Ein Leser der chinesischsprachigen Epoch Times brachte Gaos Ansatz in einem Kommentar auf den Punkt: „Die ‘Anti-Korruptionskampagne der KPC’ ähnelt einem Restaurant, das stolz verkündet, im vergangenen Jahr 100.000 Fliegen in seinen Gerichten, 10.000 Ratten in seiner Suppe und 50.000 Würmer in seinem Reis gefunden zu haben“.
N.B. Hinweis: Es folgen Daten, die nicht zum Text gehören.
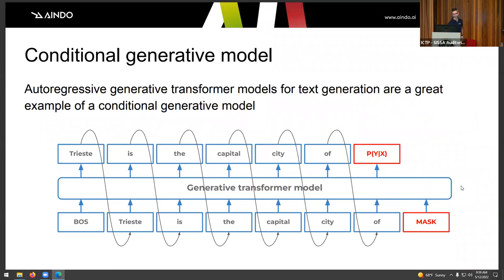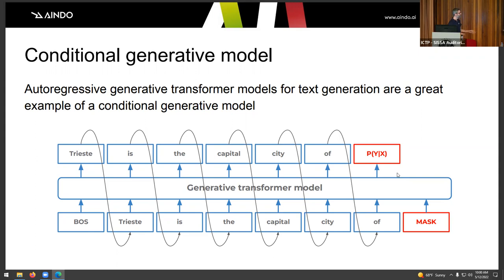The other example — which was covered in the previous talk — is autoregressive language models. Whether using recurrent neural networks or Transformers, the basics are the same: you have the previous tokens and predict the probability of the next token, allowing you to generate large or small pieces of text from unlabeled data.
Und weiter: „Ich frage mich, welcher Kunde dann noch weiter glaubt, dass dieses Restaurant sauber ist. Korruption ist die Achillesferse. Das kann ein autokratisches Regime nicht selbst lösen.“
Künstliche Intelligenz soll Partei-Mitglieder auf Linie bringen
Der Einsatz von Künstlicher Intelligenz im Rahmen der Anti-Korruptionskampagne deutet darauf hin, dass sich die parteiinternen Machtkämpfe zuspitzen und die aktuelle Führung um Machtverlust fürchtet. Mithilfe der KI sollen künftig insbesondere hochrangige Beamte strenger kontrolliert werden.
Eine kürzlich vom staatlich kontrollierten Magazin „Qiushi“ veröffentlichte Rede von Xi bei einer Parteiveranstaltung am 11. Januar bestätigt diese Vermutung. Chinas Regierungschef betont darin, die Partei wolle künftig vermehrt die „ideologische Unreinheit“ der Gedanken, Lebensstile und Organisationen innerhalb der Partei beseitigen.
Bereits im vergangenen Jahr warnte Xi die KP-Funktionäre vor dem Abweichen von der Parteilinie. Einige Mitglieder seien zu „Wortführern verschiedener Interessengruppen, Machteinheiten und privilegierter Klassen“ geworden, sagte er damals. Wer das Problem habe, würde „entschieden und gnadenlos bestraft“ werden.
Auf einer Sitzung des Politbüros am 17. Juni betonte Chinas Staatschef erneut, die Anti-Korruptionskampagne könne sich „kein Scheitern leisten“.